Solch eine Rechnung klingt komplett utopisch, macht aber ein Problem deutlich: Für viele Arbeiten im Alltag werden wir nicht bezahlt. Klar, Kindererziehung macht auch Spaß und niemand will in einer schmutzigen Küche kochen, aber die täglichen Aufgaben sind oft eine Belastung. Weil sie aber nicht entlohnt wird, bleibt diese Art der Arbeit oft im Dunklen. Und ist ziemlich ungleich verteilt: Laut der gewerkschaftsnahen Hans-Böckler-Stiftung arbeiten Männer im Schnitt zwei Stunden pro Tag unbezahlt, Frauen dagegen über dreieinhalb Stunden.

Das Statistische Bundesamt hat 2013 die Sorgearbeit genauer untersucht. Demnach wurde in einem Jahr Sorgearbeit im Wert von 826 Milliarden Euro verrichtet – unbezahlt. Das wären 30 Prozent des damaligen Bruttoinlandsprodukts (BIP) gewesen. Dort taucht die Sorgearbeit aber nicht auf, weil kein Lohn für sie gezahlt wird. Sie bleibt wirtschaftlich betrachtet unsichtbar.

Sorgearbeit deckt Grundbedürfnisse 

Dabei hat sie auch für Unternehmen einen großen Wert: Wer gesundes Essen kocht, lebt gesünder. Wer eine entspannte Zeit mit Freunden und Familien hat, ist mental leistungsstärker. Wer in einem aufgeräumten Haus wohnt, ist glücklicher. Oder krasser formuliert: Ohne Sorgearbeit wären wir nicht arbeitsfähig.

Der Laden läuft nur, weil irgendjemand diese unbezahlte Sorgearbeit erledigt.

Clara Schäper Arbeitsökonomin, DIW Berlin

Der Staat sollte Anreize schaffen, damit Sorgearbeit gerechter verteilt wird, sagt die Arbeitsökonomin Clara Schäper vom Deutschen Institut für Wirtschaftsforschung (DIW). "Der Laden läuft nur, weil irgendjemand diese unbezahlte Sorgearbeit erledigt", sagt sie. "Es ist vor allem die Frage: Wer erledigt sie."
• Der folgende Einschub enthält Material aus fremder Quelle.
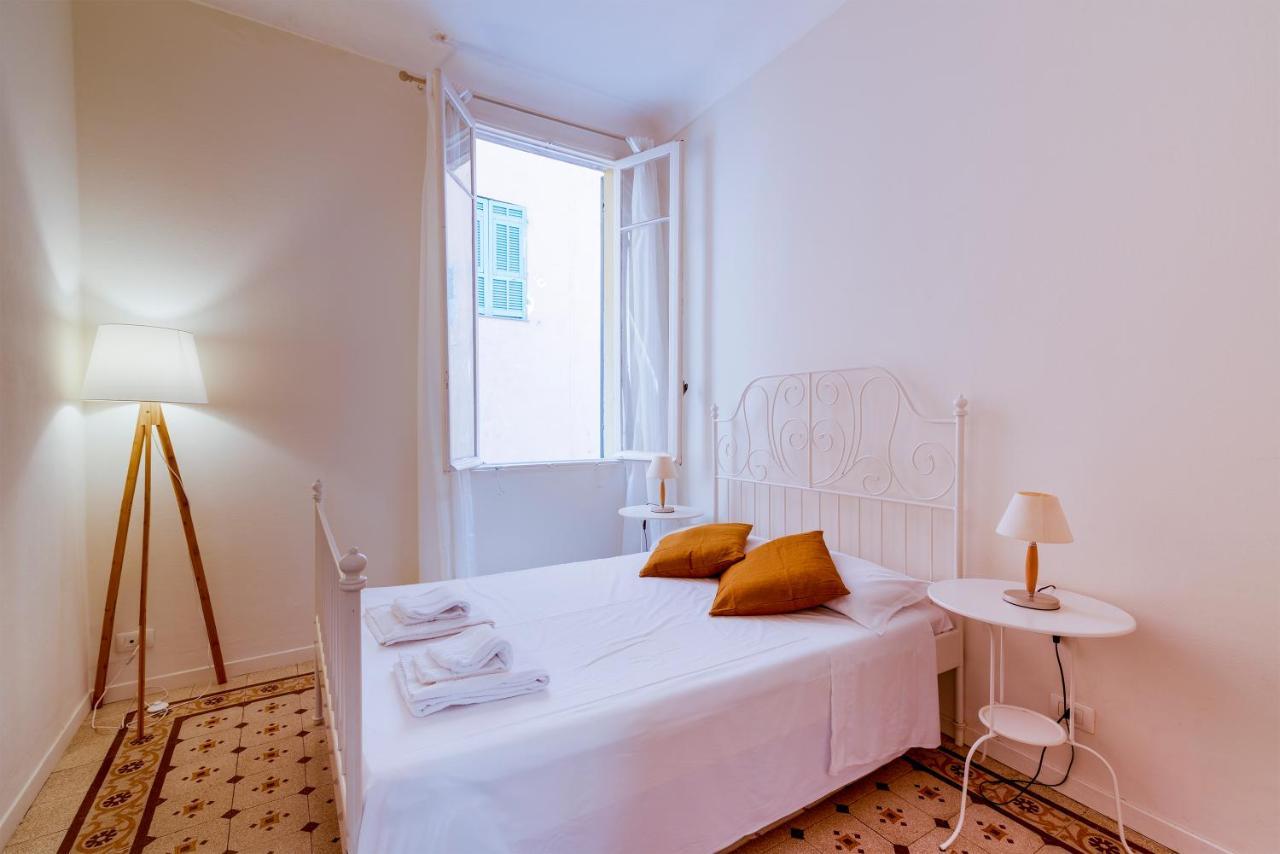 Apartment In The Heart Of Sanremo Bagian luar foto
Politische Reformen gefordert

Schäper findet: Das Ehegattensplitting sollte reformiert werden. Derzeit würde es Anreize schaffen, dass Frauen weniger Lohn- und mehr Sorgearbeit übernehmen. Unternehmen sollten außerdem flexibleres Arbeiten ermöglichen und Frauen bei der Familienplanung die Rente mitberücksichtigen. Denn wenn Frauen die Hauptlast der unbezahlten Sorgearbeit tragen und weniger Zeit im bezahlten Job verbringen, wirkt sich das am Lebensende massiv aus: Frauen sind deutlich häufiger von Altersarmut betroffen, als Männer.
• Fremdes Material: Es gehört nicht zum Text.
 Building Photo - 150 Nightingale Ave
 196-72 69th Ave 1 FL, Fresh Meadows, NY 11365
Dazu kommt natürlich noch der emotionale Faktor: Marisa Becker, Journalistin und Mutter, findet vor allem die Gleichzeitigkeit von Familie und Beruf belastend. Sie finde, dass "ich dann auch teilweise einfach unfair bin, zu meinem Kind." Zum Beispiel, wenn sie einen Arbeitsanruf bekommt und gleichzeitig ihr Kinder ihre Aufmerksamkeit verlangt. Dann weiche sie vom Bild der Mutter ab, die sie gerne sein möchte.

Das ist eine Doppelbelastung, aus Erwerbstätigkeit und der ganzen Arbeit zu Hause.

Laura Fröhlich Autorin

Viele Mütter würden zudem Aufgaben übernehmen, die niemand sieht, sagt die Autorin Laura Fröhlich. Vor allem, was die Organisation des Alltags betrifft: Ist das Kind auf einen Geburtstag eingeladen, muss der Transport organisiert, das Leichtathletiktraining abgesagt und ein Geschenk besorgt werden. Kurzum: Der Familienalltag muss im Hintergrund antizipiert und organisiert werden. "Das ist eine Doppelbelastung, aus Erwerbstätigkeit und aber die ganze Arbeit zu Hause", sagt die Autorin Laura Fröhlich.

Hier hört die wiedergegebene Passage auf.